Hatırlanacağı gibi, kıtanın kuzeyi başta olmak üzere Afrika’dan Avrupa Birliği’ne (AB) yoğun bir göç baskısı bulunuyor. Bu göçün itici nedenleri arasında AB ülkelerinin Afrika kıtasının ekonomik yaşam alanlarını ihlal etmesi de bulunuyor. Örneğin, İspanya ve Fransa gibi AB üye devletlerinin büyük balıkçı filoları Afrika ülkeleriyle karşılıklı anlaşmalar yoluyla bu ülkelere ait ‘münhasır ekonomik bölge’ler içinde avlanma hakkı elde ediyorlar. Bunun sonucunda ise bu ülkelerin yerli balıkçıları rekabet güçlerini ve dolayısıyla geçim kaynaklarını kaybediyor.
Avrupa Birliği ise, kıta ülkeleriyle ikili anlaşmalar yoluyla göç baskısını azaltmayı deniyor. 2008’de Libya ile imzalanan bir anlaşmaya göre bu ülke üzerinden gelen göçmenler iltica başvuruları dahi alınmadan geri gönderiliyorlar. Bu gibi ‘önlemler’ sayesinde geçen yıl İtalya’ya göç edenlerin sayısı 36.000’den 4300’e düşmüştü.
Son göç dalgası başta İtalya, İspanya, Fransa ve Malta gibi Akdeniz ülkeleri olmak üzere Avrupa Birliği’nde kaygı yarattı. Konuyla ilgili olrarak İtalya ve Malta “Afrika’daki kriz” ile ilgili özel AB zirvesi yapılması çağrısında bulunurken, İtalya İçişleri Bakanı Roberto Maroni’nin “Tunus’a polis gönderelim” önerisi iki ülke arasında diplomatik krize neden oldu. Tunuslu yetkililer söz konusu öneriyi içişlerine karışmak olarak yorumladılar.

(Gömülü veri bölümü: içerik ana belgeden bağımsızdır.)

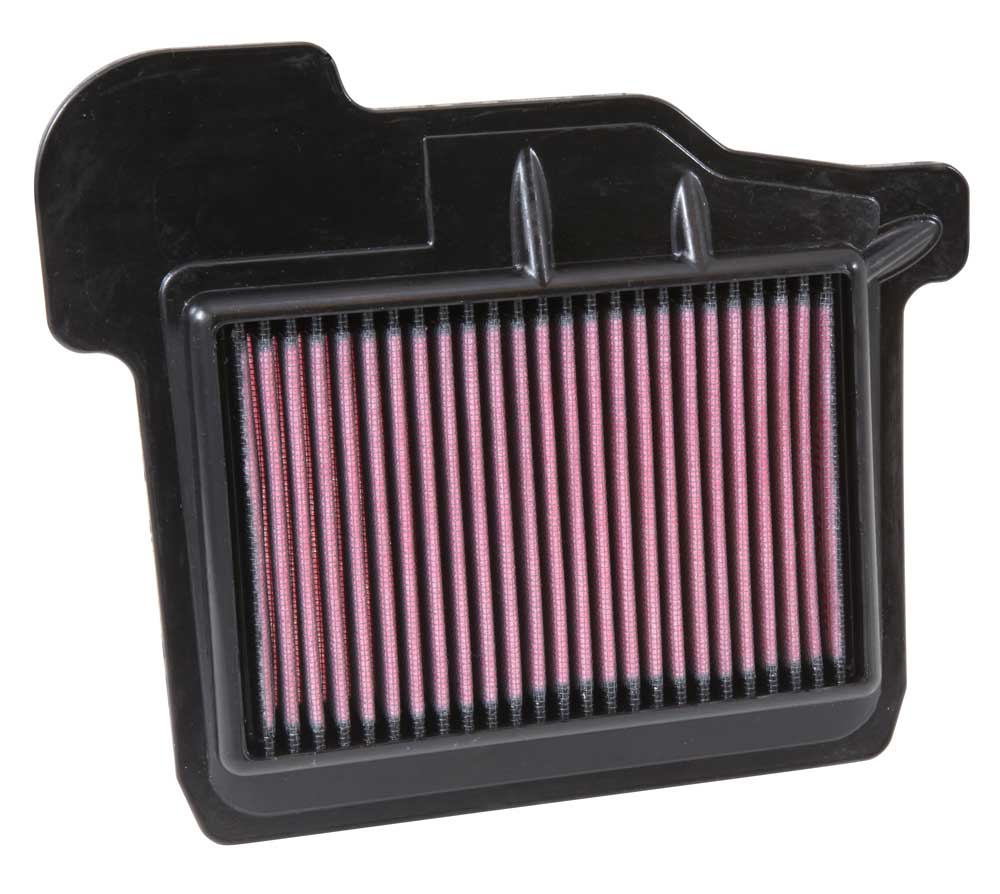 K&N YA-8514 Replacement Air Filter for Select Yamaha FJ-09, Yamaha FZ-09, Yamaha MT-09, Yamaha MTT9 Tracer 900 GT, Yamaha MXT9 NIKEN GT, Yamaha NIKEN, Yamaha Tracer 900, Yamaha Tracer 900 GT, Yamaha XSR900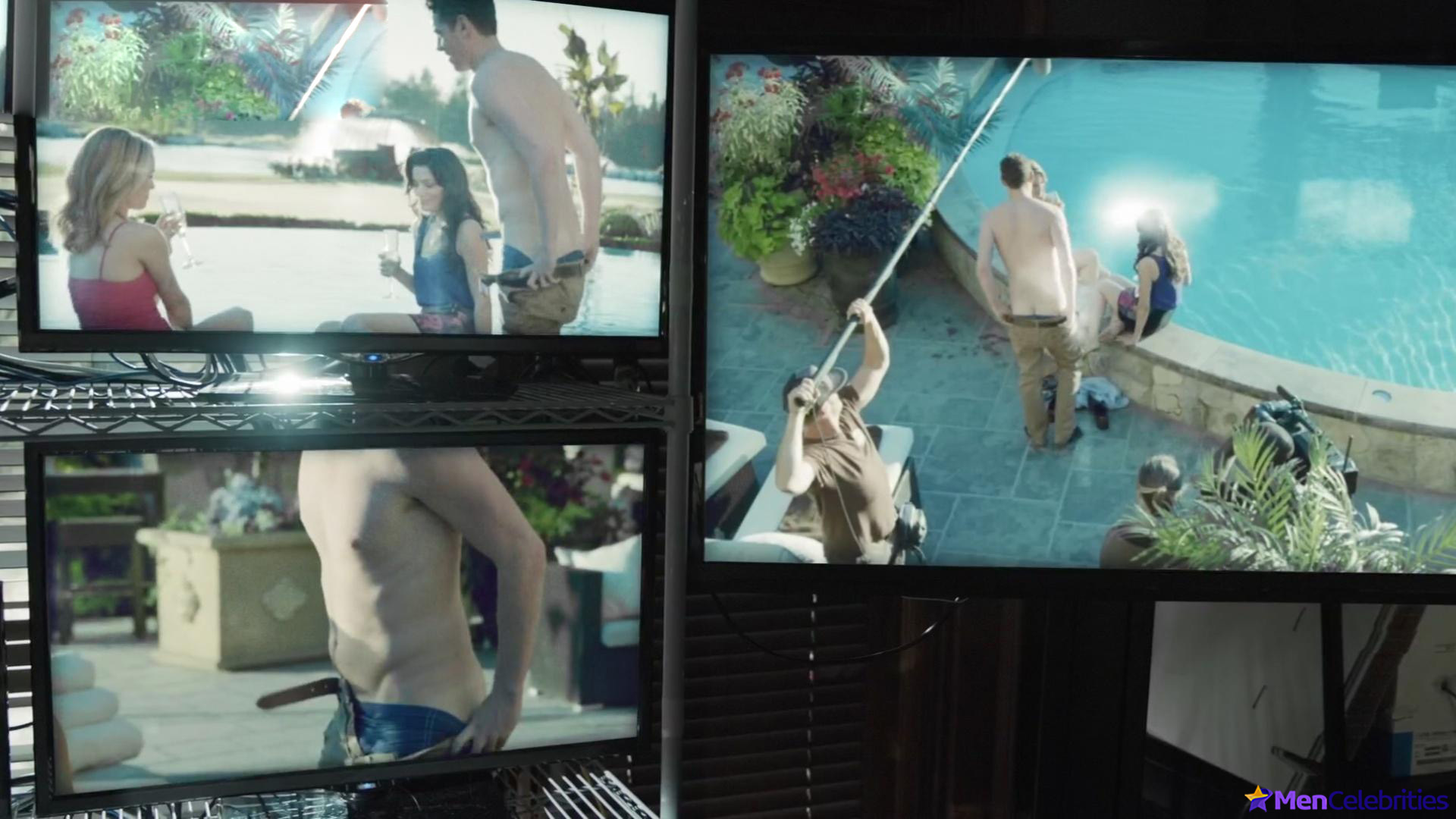 Freddie Stroma nude and sex scenes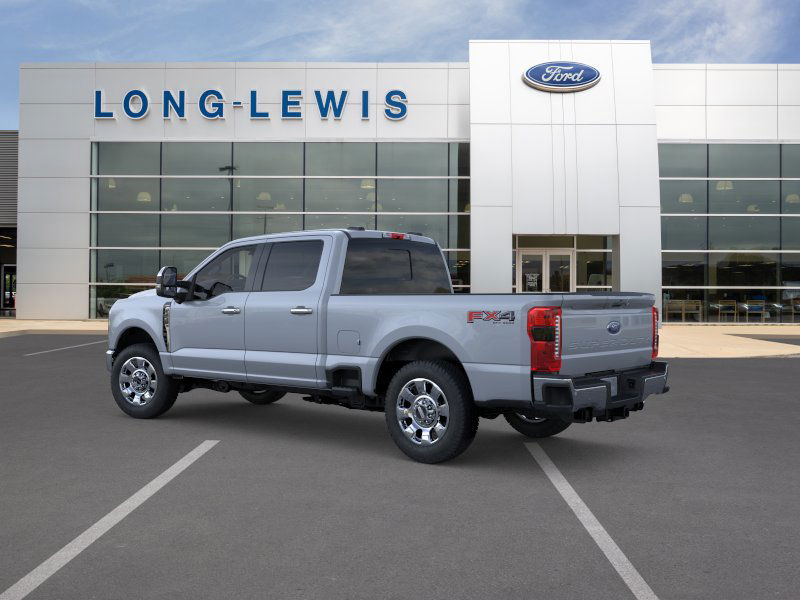 2026 Ford F-250 photo 4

Öte yandan, Lampedusa’ya ulaşabilen göçmenlerin sorunları sona ermiş değil. Önce bir stadyumda barındırılan göçmenlerin bir kısmı, adadaki göçmen işleme merkezinin yeniden açılması üzerine buraya aktarılmıştı. Yine de adada şartların son derece yetersiz olduğu belirtiliyor.